This uses the FileLocalizer. All file references are sent through the
FileLocalizer. If we are doing MAPREDUCE and a file reference starts with
file:, we copy it to a temp file in HDFS before we start the job and use that
temp file as the input or output of the map reduce job.
ben
On Thursday 06 March 2008 04:07:41 pi song wrote:
> Dear pig-dev mailling-list,
>
> I just wanna understand this bit quickly. Below is the code from
> TestMapReduce.java.

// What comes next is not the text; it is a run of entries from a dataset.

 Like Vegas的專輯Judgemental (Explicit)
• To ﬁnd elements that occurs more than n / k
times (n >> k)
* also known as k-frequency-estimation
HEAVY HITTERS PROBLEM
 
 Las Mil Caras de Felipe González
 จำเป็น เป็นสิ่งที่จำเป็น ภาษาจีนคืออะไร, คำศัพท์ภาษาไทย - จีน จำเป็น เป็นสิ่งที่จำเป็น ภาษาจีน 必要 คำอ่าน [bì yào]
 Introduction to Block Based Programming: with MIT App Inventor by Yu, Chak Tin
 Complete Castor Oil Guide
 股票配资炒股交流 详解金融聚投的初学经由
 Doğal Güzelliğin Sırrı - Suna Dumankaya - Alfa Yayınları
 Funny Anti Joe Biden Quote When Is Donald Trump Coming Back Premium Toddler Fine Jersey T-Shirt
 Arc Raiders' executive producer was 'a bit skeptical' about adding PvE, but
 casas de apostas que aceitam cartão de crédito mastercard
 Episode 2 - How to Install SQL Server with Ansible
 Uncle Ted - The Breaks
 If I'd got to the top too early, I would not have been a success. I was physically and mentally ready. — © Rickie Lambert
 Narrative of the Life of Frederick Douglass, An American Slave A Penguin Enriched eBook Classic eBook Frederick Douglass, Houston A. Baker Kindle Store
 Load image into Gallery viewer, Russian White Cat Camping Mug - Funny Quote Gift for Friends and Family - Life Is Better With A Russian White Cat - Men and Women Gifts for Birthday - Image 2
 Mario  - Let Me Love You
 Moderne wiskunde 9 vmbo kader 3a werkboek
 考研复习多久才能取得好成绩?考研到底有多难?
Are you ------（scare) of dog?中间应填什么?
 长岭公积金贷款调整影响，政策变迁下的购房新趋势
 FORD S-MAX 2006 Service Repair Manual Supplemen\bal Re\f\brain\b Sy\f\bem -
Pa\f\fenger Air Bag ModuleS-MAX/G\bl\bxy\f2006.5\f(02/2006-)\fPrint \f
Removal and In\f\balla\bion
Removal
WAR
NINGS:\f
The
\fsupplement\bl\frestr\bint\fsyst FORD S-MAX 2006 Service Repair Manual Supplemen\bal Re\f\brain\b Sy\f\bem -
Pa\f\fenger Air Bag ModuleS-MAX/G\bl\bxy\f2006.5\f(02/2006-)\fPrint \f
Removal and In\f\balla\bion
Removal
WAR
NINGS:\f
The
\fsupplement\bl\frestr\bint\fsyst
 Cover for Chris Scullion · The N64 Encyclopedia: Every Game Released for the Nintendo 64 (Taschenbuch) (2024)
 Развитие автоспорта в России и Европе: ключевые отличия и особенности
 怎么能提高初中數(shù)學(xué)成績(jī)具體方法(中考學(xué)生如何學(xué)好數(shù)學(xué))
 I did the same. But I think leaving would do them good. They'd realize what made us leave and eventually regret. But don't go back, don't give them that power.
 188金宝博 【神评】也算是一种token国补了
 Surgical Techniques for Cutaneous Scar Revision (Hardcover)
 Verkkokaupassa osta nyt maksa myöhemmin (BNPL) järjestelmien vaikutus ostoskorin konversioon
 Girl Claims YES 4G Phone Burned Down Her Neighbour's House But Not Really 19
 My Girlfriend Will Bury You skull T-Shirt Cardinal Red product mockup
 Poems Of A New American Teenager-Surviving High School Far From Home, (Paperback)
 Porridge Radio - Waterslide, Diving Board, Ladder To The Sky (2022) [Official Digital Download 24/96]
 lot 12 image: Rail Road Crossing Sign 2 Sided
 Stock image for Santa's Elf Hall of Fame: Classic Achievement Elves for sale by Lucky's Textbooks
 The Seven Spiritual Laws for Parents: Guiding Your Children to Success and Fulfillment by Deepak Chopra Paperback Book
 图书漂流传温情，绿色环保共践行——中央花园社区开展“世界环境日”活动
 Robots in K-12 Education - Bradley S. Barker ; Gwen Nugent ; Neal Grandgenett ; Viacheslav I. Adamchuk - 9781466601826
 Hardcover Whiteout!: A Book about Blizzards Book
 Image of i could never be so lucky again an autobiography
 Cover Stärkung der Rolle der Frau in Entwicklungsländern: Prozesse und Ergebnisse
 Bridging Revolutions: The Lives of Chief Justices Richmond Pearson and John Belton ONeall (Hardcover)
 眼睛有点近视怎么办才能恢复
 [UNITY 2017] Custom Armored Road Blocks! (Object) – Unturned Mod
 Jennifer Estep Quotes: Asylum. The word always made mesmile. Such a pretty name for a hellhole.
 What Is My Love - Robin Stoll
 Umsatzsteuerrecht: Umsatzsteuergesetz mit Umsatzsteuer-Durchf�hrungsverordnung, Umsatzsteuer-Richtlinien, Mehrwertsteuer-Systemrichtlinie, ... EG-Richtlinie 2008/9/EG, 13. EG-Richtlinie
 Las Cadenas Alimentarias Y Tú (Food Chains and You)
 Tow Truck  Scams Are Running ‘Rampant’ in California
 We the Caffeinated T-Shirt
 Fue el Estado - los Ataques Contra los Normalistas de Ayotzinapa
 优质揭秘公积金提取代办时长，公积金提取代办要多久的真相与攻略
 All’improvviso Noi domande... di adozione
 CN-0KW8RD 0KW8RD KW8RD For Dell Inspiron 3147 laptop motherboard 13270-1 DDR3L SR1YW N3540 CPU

As you can see the temp file is created in local
> machine but I don't understand how Hadoop MapReduce pick up the file from
> local file system rather than HDFS?
>
> PigServer pig = new PigServer(MAPREDUCE);
> File tmpFile = File.createTempFile("test", ".txt");
> PrintStream ps = new PrintStream(new FileOutputStream(tmpFile));
> for(int i = 0; i < 10; i++) {
> ps.println(i+"\t"+i);
> }
> ps.close();
> String query = "foreach (load 'file:"+tmpFile+"') generate $0,$1;";
> System.out.println(query);
> pig.registerQuery("asdf_id = " + query);
> try {
> pig.deleteFile("frog");
> } catch(Exception e) {}
>
> Cheers,
> Pi